This is when things get sketchy.    A lot of pictures were taken at a billiards joint in Adams Morgan (the one next to the sneaker store owned by Adrian Fenty's parents) which was oddly deserted for a Saturday.    The ladies went home after that, having had enough of booze and men and wanting to get some shuteye before their early-morning run-and-brunch.   I know I dropped $75 at the Adams Mill pub, and I know Mug bribed the bouncer a double sawbuck to let me in.   This was the height of gross indecency, as no bar in DC is worth paying to get into, most especially not the toolbox dives around Adams Morgan.   And yet it happened. 

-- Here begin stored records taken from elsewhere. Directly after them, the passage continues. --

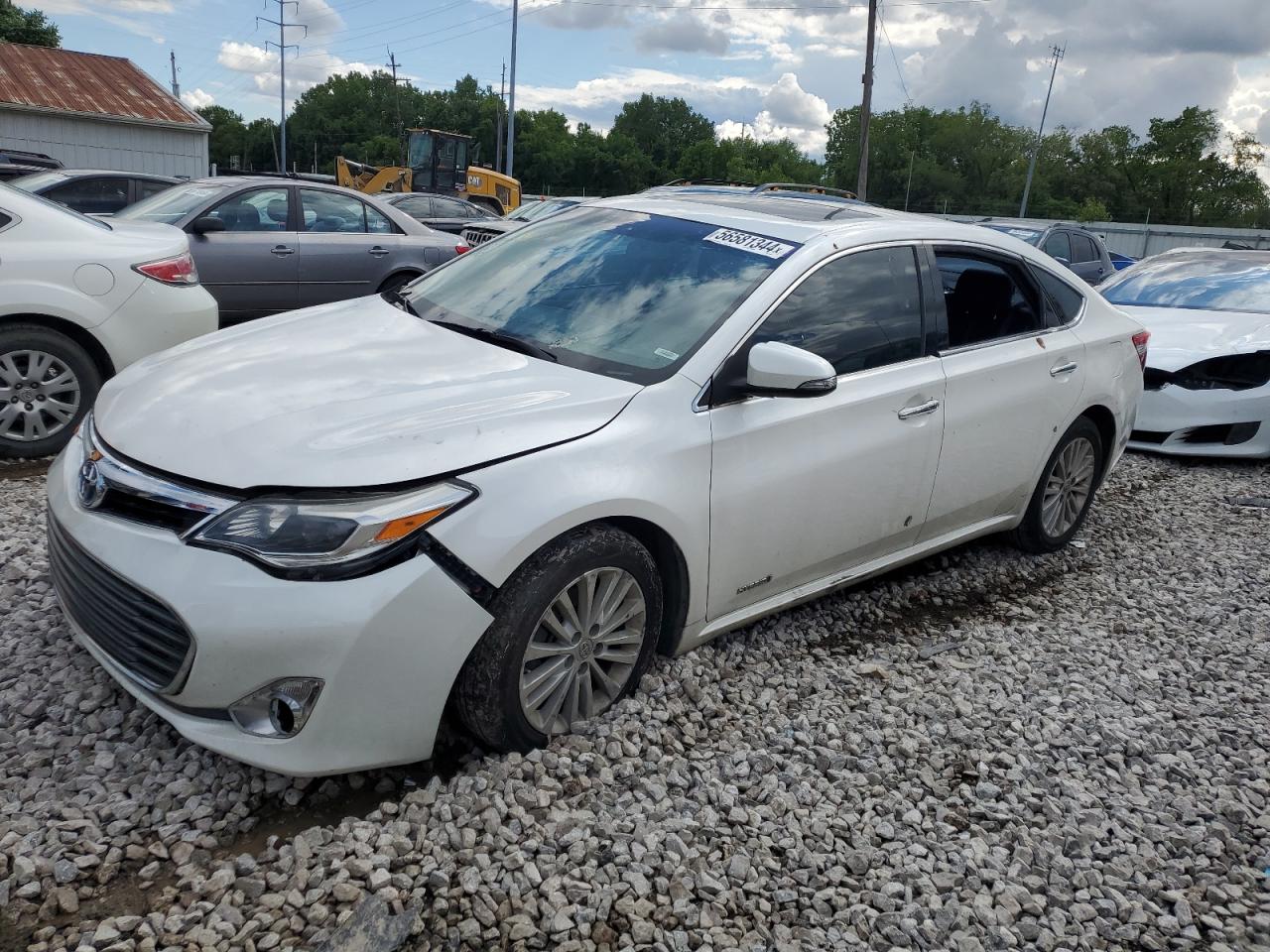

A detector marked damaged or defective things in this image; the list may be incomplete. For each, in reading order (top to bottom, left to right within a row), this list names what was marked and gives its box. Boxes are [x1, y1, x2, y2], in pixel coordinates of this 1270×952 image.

building with rusty metal roof [0, 43, 207, 179]
hood crease dent [92, 298, 640, 492]
white damaged car [47, 190, 1143, 776]
white damaged car [1102, 247, 1270, 459]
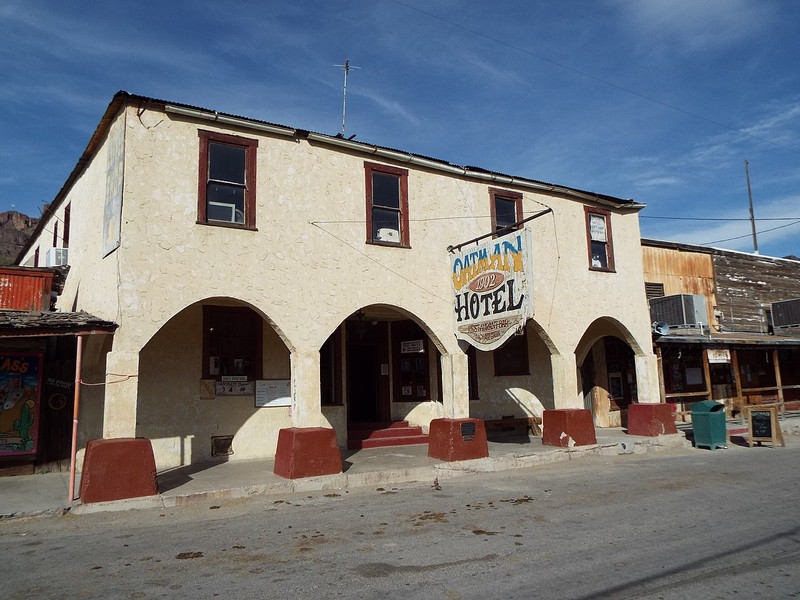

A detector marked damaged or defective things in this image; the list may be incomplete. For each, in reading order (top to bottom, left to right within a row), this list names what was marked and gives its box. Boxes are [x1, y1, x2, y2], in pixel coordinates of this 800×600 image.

rusted metal roof [0, 310, 117, 338]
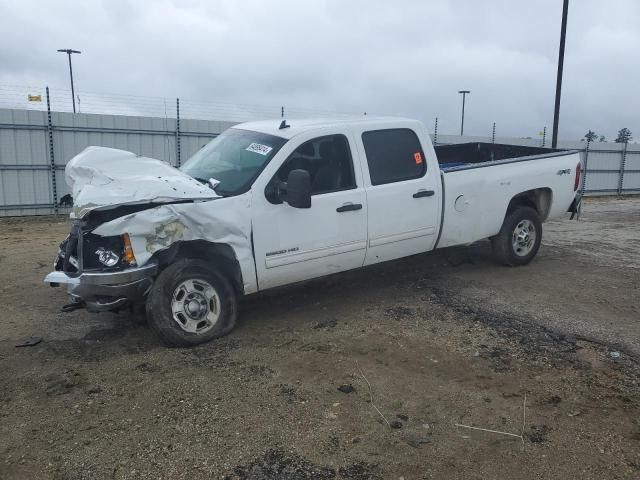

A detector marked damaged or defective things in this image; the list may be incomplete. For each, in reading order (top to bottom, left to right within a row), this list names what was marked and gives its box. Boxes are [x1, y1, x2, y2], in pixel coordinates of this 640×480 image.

crumpled hood [65, 146, 220, 218]
cracked bumper [44, 262, 158, 312]
broken headlight [95, 248, 120, 266]
damaged fender [92, 194, 258, 292]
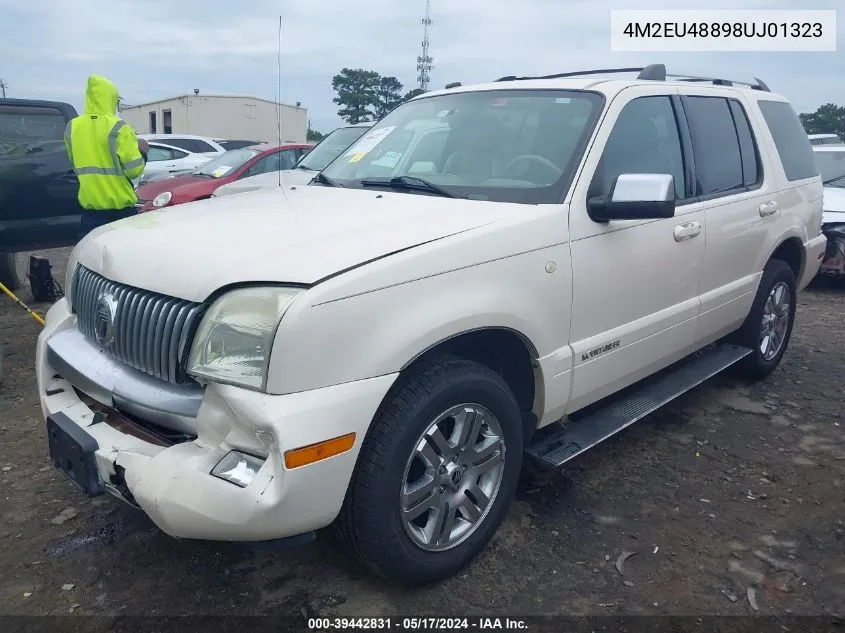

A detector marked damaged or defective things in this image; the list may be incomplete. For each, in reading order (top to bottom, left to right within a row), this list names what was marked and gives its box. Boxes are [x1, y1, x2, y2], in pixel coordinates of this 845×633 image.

damaged front bumper [36, 298, 398, 540]
damaged white car [39, 66, 824, 584]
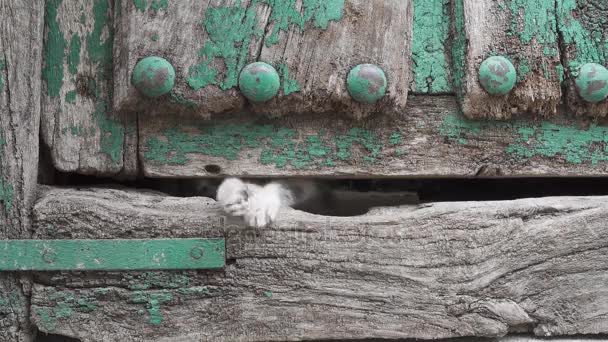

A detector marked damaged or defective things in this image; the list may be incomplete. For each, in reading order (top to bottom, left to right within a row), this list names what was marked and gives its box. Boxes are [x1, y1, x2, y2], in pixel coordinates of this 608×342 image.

peeling green paint [41, 0, 66, 97]
peeling green paint [188, 0, 344, 91]
peeling green paint [280, 62, 300, 95]
peeling green paint [410, 0, 454, 93]
peeling green paint [556, 0, 608, 73]
peeling green paint [145, 123, 402, 170]
peeling green paint [440, 111, 608, 165]
splintered wood edge [28, 186, 608, 340]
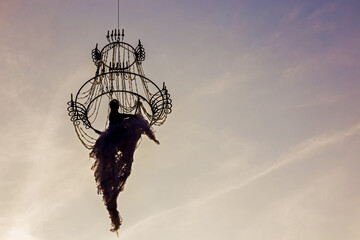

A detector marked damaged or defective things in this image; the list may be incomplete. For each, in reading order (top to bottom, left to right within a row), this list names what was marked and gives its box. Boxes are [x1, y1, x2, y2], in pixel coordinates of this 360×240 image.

tattered fabric costume [89, 99, 158, 232]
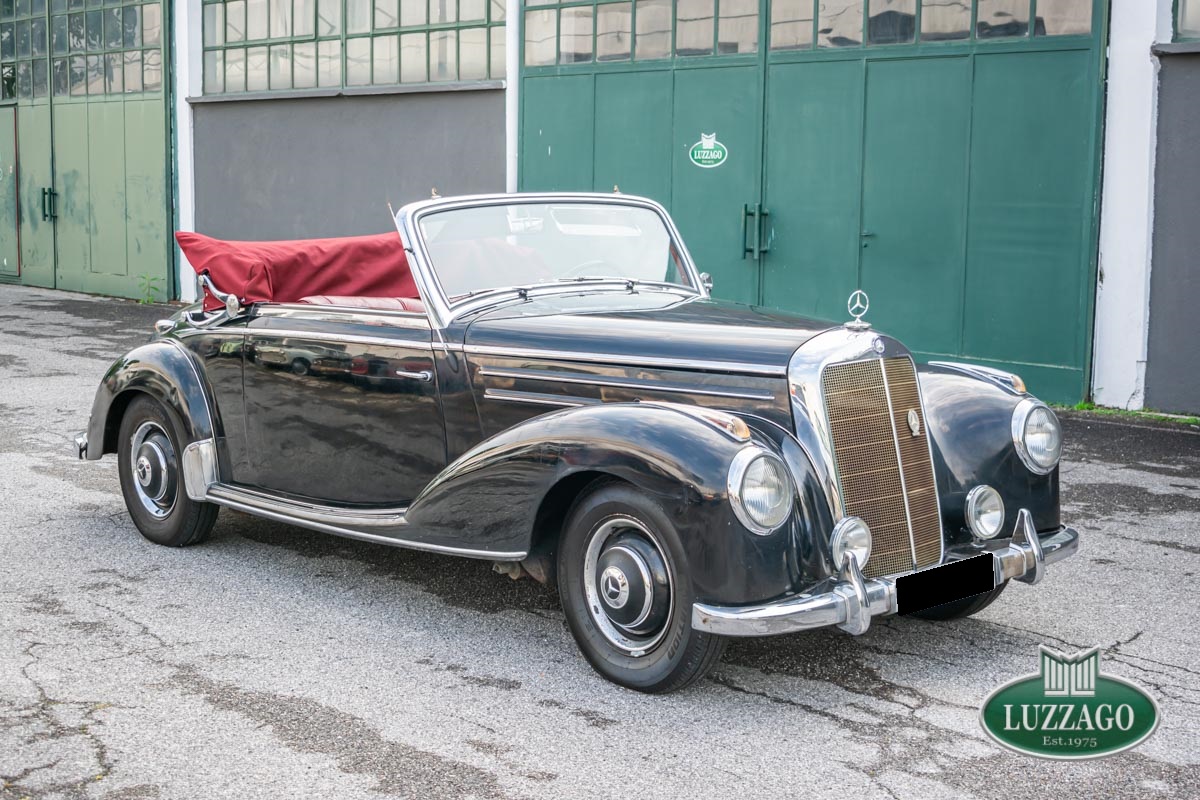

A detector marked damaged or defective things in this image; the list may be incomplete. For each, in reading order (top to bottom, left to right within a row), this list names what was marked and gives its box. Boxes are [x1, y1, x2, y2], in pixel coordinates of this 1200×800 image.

This is when my night turned into an episode of The Wire.    While sitting on the concrete stubs  at 18th and Columbia eating Jumbo Slice and talking (amazingly enough) about the Mug's work (he's a scientist)  I faded out in to a happy little limbo of thinking about work and tossing pepperonis at passing cabs.   I know, I'm thirty and not an 18-year-old having his first beer, but I was having fun.    Mug meanwhile makes friends with two women who offer us a ride to their afterparty.    We get into the backseat of not an Escalade but a crappy late-model Aerostar with rusted-out wheelwells driven by a friend who's doubly sullen: designated driving, and the company of two women spoiled by the arrival of two goons.  

We get driven forty blocks over into waaaaaay NE DC, and end up in the basement of a house with a side door with a red light on it and a bouncer wearing sunglasses.    We're the only white dudes there and we are not in any way welcome.    The Mug's newfound friend has some pull that I think kept us from getting robbed.   Which is to say, violently robbed.  Because I dropped $40 on two MGDs and who knows what they charged Mug.   I just remember the very, very bemused lady behind the bar refusing to take less.    There was a poker game in the corner with some bad, bad dudes, and our hostess told us to stay away from it. 

I suppose it's anticlimactic but I want to wrap this up.   Mug and I get the hell out of Dodge after polishing off the MGDs and begin the long walk home.    After a few blocks, I realize I'm not in NW DC and am walking the wrong way.    I'm eventually convinced by an increasingly blistered and irate Mug to go along with his plan of hailing a cab; the problem is, there's none to be found.   A cop pulls over and asks us if we know where we are.    Some derelicts stare at us.   A couple hipsters on their own troubled errantry avoid us and cross the street hurriedly.     Roundabout U and 10th NE we find a willing cabbie to get us to an ATM, and home.

Sunday we lay in the park with Cricket, watch some more House episodes, and drink 40s at the Lincoln Memorial, as planned long ago.   It's an amazing memorial, and sitting on the stone slabs on the south side of the Memorial watching the planes coast into Reagan is peaceful and good.    I heartily recommend it.

Mug bought the 40s because I had no more money.   It's going to be a tunafish and spinach week, with a lot of work getting done.   Good times.

9 comments:

Megan said...

It sounds superfun.

Anonymous said...

So do I not get a nickname like 'Mug' until I come out there?

Anonymous said...

I don't know what your nickname would be, ANONYMOUS. "Nony?" "A?" Don't expect me to go trawling through my server logs to find out who you are.

Anonymous said...

Like you don't trawl the server logs religiously, COUNTERFLY. In any case, I suggest "Goose".

-F.

penitent said...

I wish I were cursed with a job I obsessed over. I will gladly trade your curse for mine.

My benders tend to involve fernet and contraband; they're more economical that way.

ml said...

i wonder what my nickname will be? will i get to go to all of these exciting bars when i am in DC? (soon!!)

The Old Mule said...

party on.

Armsmasher said...

So much cooler than any DC weekender in recent memory. So that's what I need: more money!

Anonymous said...

I usually try to exercise more restraint, not overflowing with the benjamins myself...

But when can you blow your savings, if not when an old friend arrives into town and demands a bender?